Scope of arbitrating an alleged violation of a collective bargaining agreement

Scope of arbitrating an alleged violation of a collective bargaining agreement

Richfield Springs CSD v Allen, 270 AD2d 734

Changes in health insurance benefits may be initiated by a third party that actually provides the benefit. Does an employee organization have any right to challenge a unilateral change in the health insurance plan made by the third party?

This was the major issue in Richfield Springs, a case that essentially explores the issue of the scope of arbitration under a Taylor Law agreement.

The health insurance plan covering members of the Richfield Faculty Association was changed. The plan had been established under Sections 92-a and 119 of the General Municipal Law and was commonly referred to as the BOCES plan.
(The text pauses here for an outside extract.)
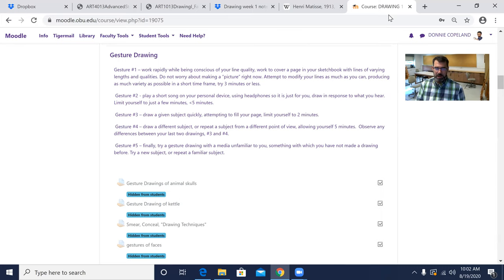For gesture three, look at a subject and draw it quickly within two minutes — the point is speed. Number four is the same idea but slowed down to five minutes. Repeat numbers three and four twice each, so you'll have two two-minute drawings and two five-minute drawings. Finally, for gesture five, find something to draw — I'll have things set out — and draw it with a different medium, something you have not tried drawing with before.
The Association’s basic objection: there was a change of carriers responsible for administering the BOCES Plan’s coverage for prescription drugs. The Association’s basic concern: the coverage to be provided by the new carrier would be inferior to the coverage under the BOCES’s existing plan.

The Association demanded that the former prescription drug insurance be continued and that unit members be given reimbursement for any financial loss that they incurred as a result of the change. To enforce its demand, the Association filed a grievance formally objecting to the change. Eventually Richfield Springs Faculty Association President Tracy Allen demanded that the Association’s grievance be submitted to arbitration.
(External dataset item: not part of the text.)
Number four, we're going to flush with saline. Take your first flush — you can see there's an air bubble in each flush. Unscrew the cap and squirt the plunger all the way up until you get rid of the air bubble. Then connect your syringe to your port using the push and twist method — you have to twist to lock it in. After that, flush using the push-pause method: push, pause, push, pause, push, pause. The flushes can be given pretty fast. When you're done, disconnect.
In response to the demand for arbitration, the Richfield Central School District asked for, and obtained, a stay of arbitration from a State Supreme Court judge. Its argument: the dispute was not subject to the arbitration clause of the Agreement. The Association appealed.*

The Appellate Division reversed the lower court’s ruling. The court decided that the Association’s grievance regarding the change in the carrier of the prescription drug plan covering its members is arbitrable after all.

The court explained that “[i]t is settled law that grievances arising under public sector parties’ collective bargaining agreements are subject to arbitration where both arbitration of the subject matter of the dispute is authorized by the Taylor Law (Civil Service Law Article 14) and the parties clearly agreed by the terms of their contractual arbitration clause to refer their differences in the specific disputed area to arbitration,” citing Matter of Liverpool Central School, 42 NY2d 509.

This view was amplified by the Court of Appeals in a subsequent ruling, Matter of Watertown Education Association, 93 NY2d 132.

Using a two-step analysis, first the Appellate Division applied the Liverpool test and concluded that contract arbitration clause in the contract covered the subject matter of the dispute. It then applied the Watertown test -- did the parties in fact agree to arbitrate this particular grievance? It concluded that the parties had so agreed.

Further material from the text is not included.